[Scraped caption text data]

================================

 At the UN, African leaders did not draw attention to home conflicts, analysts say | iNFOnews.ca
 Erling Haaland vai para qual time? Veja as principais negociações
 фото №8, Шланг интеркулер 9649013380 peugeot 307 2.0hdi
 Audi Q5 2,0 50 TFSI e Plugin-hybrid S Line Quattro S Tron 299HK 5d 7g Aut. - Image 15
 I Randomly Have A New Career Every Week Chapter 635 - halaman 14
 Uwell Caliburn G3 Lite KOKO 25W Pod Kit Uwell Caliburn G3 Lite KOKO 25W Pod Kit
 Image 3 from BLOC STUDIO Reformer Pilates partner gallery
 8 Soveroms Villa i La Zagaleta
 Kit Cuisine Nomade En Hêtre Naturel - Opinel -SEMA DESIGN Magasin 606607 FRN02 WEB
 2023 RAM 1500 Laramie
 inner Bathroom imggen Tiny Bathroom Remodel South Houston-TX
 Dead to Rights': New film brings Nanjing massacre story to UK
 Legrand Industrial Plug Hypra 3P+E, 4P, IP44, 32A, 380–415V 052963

================================

Problem details:
Your task for the entries above: copy exactly the span starting with the line with "Uwell Caliburn G3 Lite KOKO 25W Pod Kit Uwell" and going on through the line with "inner Bathroom imggen", both lines included, and nothing else.

Written response:
 Uwell Caliburn G3 Lite KOKO 25W Pod Kit Uwell Caliburn G3 Lite KOKO 25W Pod Kit
 Image 3 from BLOC STUDIO Reformer Pilates partner gallery
 8 Soveroms Villa i La Zagaleta
 Kit Cuisine Nomade En Hêtre Naturel - Opinel -SEMA DESIGN Magasin 606607 FRN02 WEB
 2023 RAM 1500 Laramie
 inner Bathroom imggen Tiny Bathroom Remodel South Houston-TX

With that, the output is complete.